Fully Bayesian tests of neutrality using genealogical summary statistics
1 Bioinformatics Institute, University of Auckland, Private Bag 92019, Auckland, New Zealand
2 Department of Computer Science, University of Auckland, Private Bag 92019, Auckland, New Zealand
3 Departments of Biomathematics and Human Genetics, David Geffen School of Medicine at UCLA, Los Angeles, California, USA
4 Department of Biostatistics, UCLA School of Public Health, Los Angeles, California, USA
BMC Genetics 2008, 9:68 doi:10.1186/1471-2156-9-68Published: 31 October 2008
Many data summary statistics have been developed to detect departures from neutral expectations of evolutionary models. However questions about the neutrality of the evolution of genetic loci within natural populations remain difficult to assess. One critical cause of this difficulty is that most methods for testing neutrality make simplifying assumptions simultaneously about the mutational model and the population size model. Consequentially, rejecting the null hypothesis of neutrality under these methods could result from violations of either or both assumptions, making interpretation troublesome.

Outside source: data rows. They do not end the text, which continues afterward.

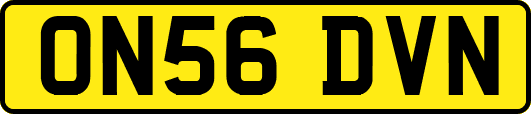 ON56DVN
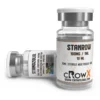 Stanrow 100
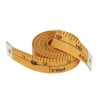 thumbnail image 3 of Dritz® Yardage Marked Tape Measure, 1 count, 3 of 5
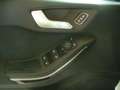 Ford Fiesta Fiesta 1.0 EcoBoost Titanium (EURO 6d) - thumbnail 6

Here we harness posterior predictive simulation to exploit summary statistics of both the data and model parameters to test the goodness-of-fit of standard models of evolution. We apply the method to test the selective neutrality of molecular evolution in non-recombining gene genealogies and we demonstrate the utility of our method on four real data sets, identifying significant departures of neutrality in human influenza A virus, even after controlling for variation in population size.
Importantly, by employing a full model-based Bayesian analysis, our method separates the effects of demography from the effects of selection. The method also allows multiple summary statistics to be used in concert, thus potentially increasing sensitivity. Furthermore, our method remains useful in situations where analytical expectations and variances of summary statistics are not available. This aspect has great potential for the analysis of temporally spaced data, an expanding area previously ignored for limited availability of theory and methods.